Necesitamos una democracia fortalecida por una sociedad civil activa y poderosa, universidades autónomas, medios de comunicación objetivos y justos que sean fieles a la ética y los principios profesionales, y mecanismos de consulta y negociación que funcionen eficazmente.

Un entorno así, que permita al pueblo participar activamente en las decisiones, democratizará y fortalecerá aún más al Estado. Un Estado más democrático constituirá la base del gran impulso de desarrollo y crecimiento que hemos anhelado durante años.

'Crearemos juntos una administración transparente y responsable ante la nación, que es la verdadera dueña del Estado'.

Todo esto es posible con un sistema parlamentario liberal, pluralista y democrático. Para no volver a entregar nuestro país a los deseos y ambiciones de una sola persona, debemos establecer mecanismos de control y equilibrio, diversificar los canales de participación de nuestros ciudadanos y construir una separación de poderes clara y definitiva. Haremos todo esto mediante una revolución de justicia y democracia. Crearemos juntos una administración transparente y responsable ante la nación, que es la verdadera dueña del Estado.

Con la revolución de justicia y democracia que llevaremos a cabo, aumentaremos la capacidad de nuestros jóvenes para competir con todos sus pares en el mundo.

Evitaremos la emigración de nuestros jóvenes al extranjero, que es el mayor "problema de supervivencia" al que se enfrenta nuestro país hoy en día.

Convertiremos a nuestros hijos, a quienes hemos criado y formado durante años con los recursos de esta nación, en soldados que sirvan a su propio pueblo y no a otras naciones.
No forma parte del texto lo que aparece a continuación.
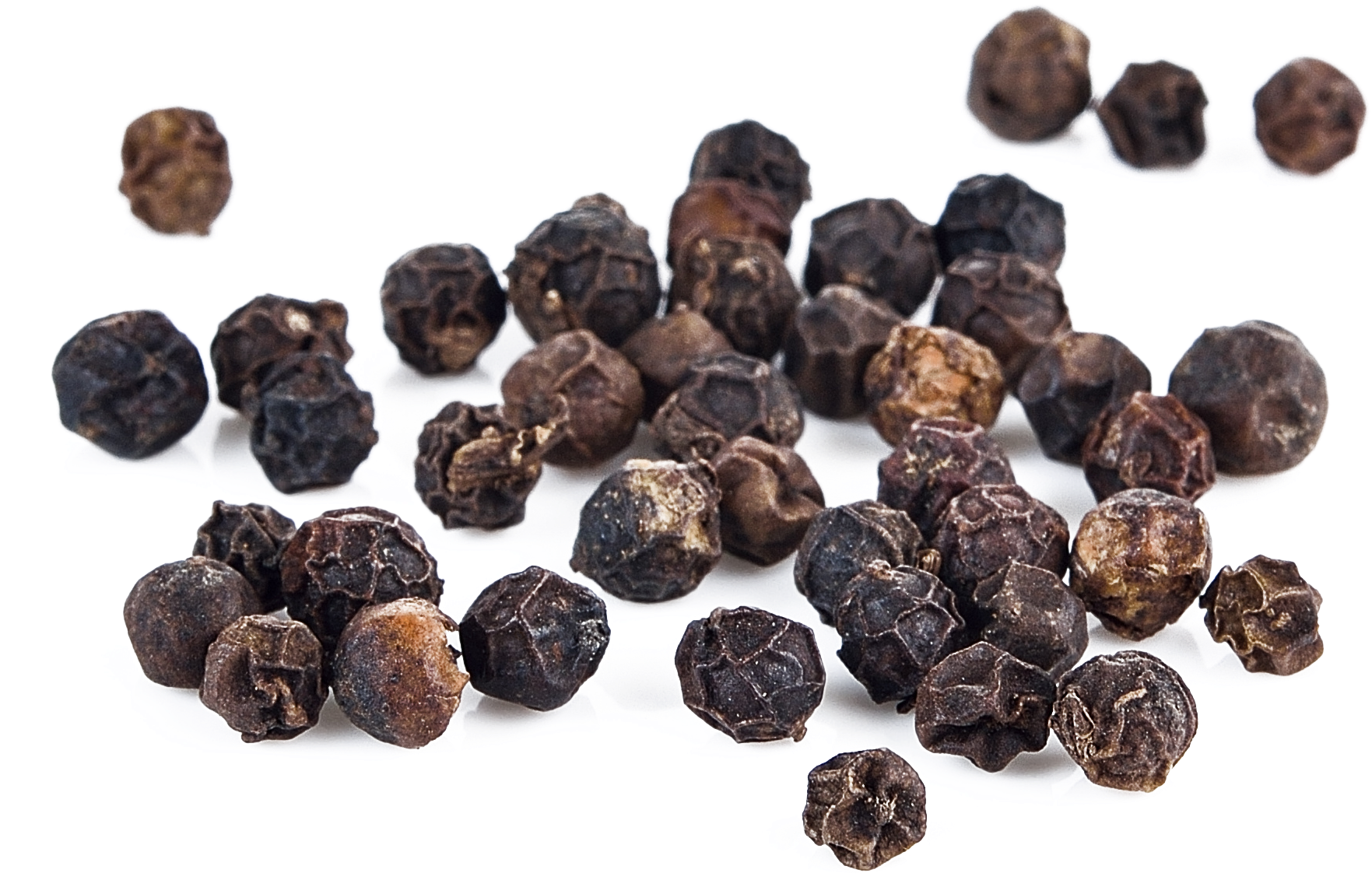 Black Pepper High Quality Png (2533x1817), Png Download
No solo los liberaremos y fortaleceremos dentro del país; los convertiremos en los actores fundamentales de la construcción de un Estado democrático y fuerte. Porque una sociedad pacífica y próspera, junto con ciudadanos iguales y libres, solo cobra vida a través de un Estado democrático y fuerte.
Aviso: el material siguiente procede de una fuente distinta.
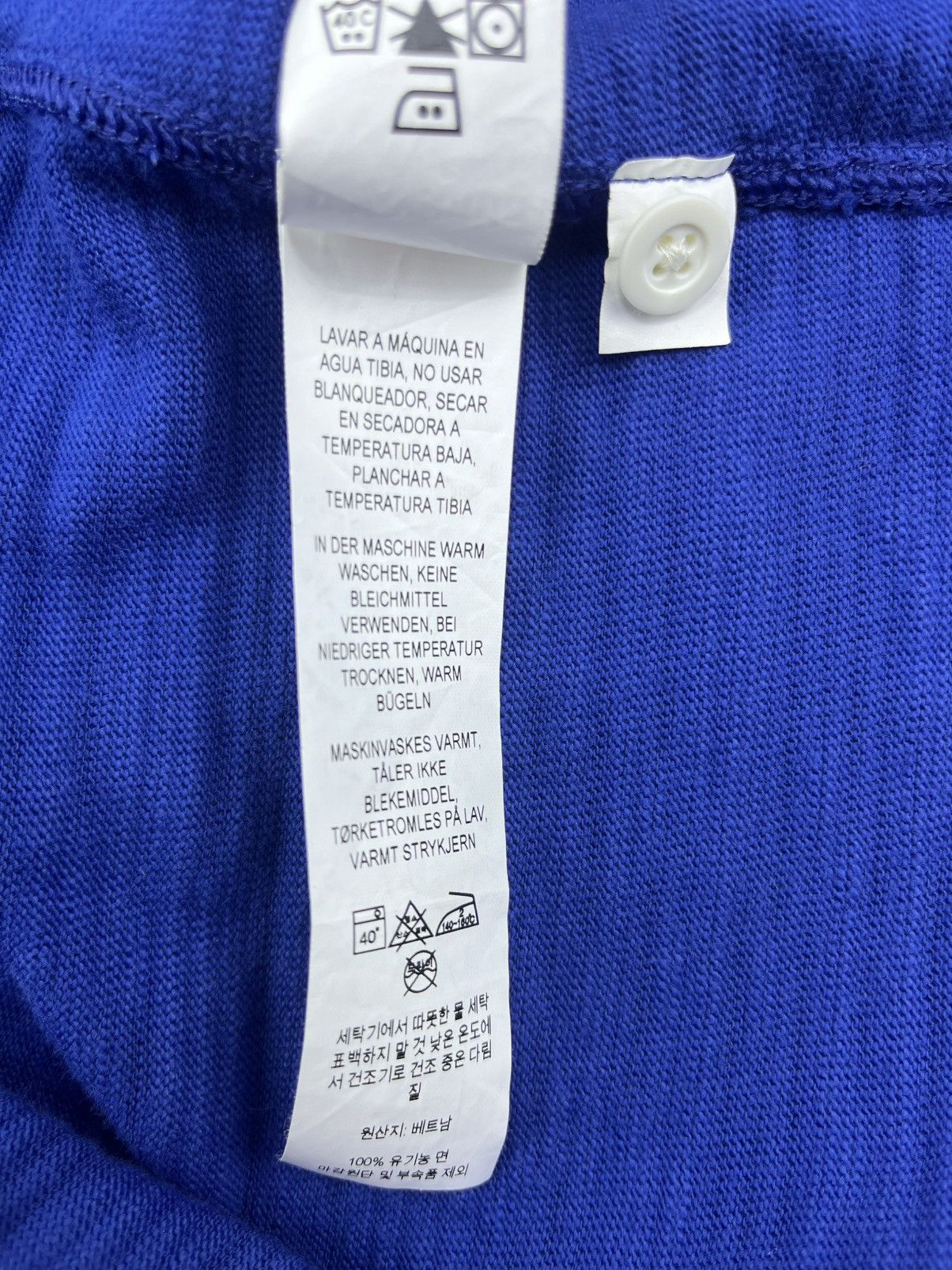 Patagonia PATAGONIA POLO RUGBY LIKE NEW. RARE💥 Size US M / EU 48-50 / 2 - 8 Thumbnail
La garantía y el seguro de todo esto es una democracia pluralista de nueva generación, donde se lleve a cabo una competencia justa y civilizada.

Es por eso que nuestra nación se ha levantado y ha iniciado la revolución democrática. Nuestra nación está en pie con los dolores de parto de una nueva vida.

Está en pie para proteger con una democracia fuerte a la República, que traerá paz, prosperidad y justicia.

Esta noble nación, que renace de sus cenizas en cada adversidad, está en pie para un nuevo nacimiento.

Viviremos una revolución que liberará y enriquecerá a nuestra nación, hará que nuestro país dé un salto hacia adelante en la carrera de la civilización y hará que nuestro Estado vuelva a ser respetable, confiable y fuerte. Una revolución en la que nadie pierda y en la que cada ciudadano se sienta libre, feliz y respetado. Que nadie se preocupe, esos días están cerca. ¡Y mucho más cerca de lo que se piensa!"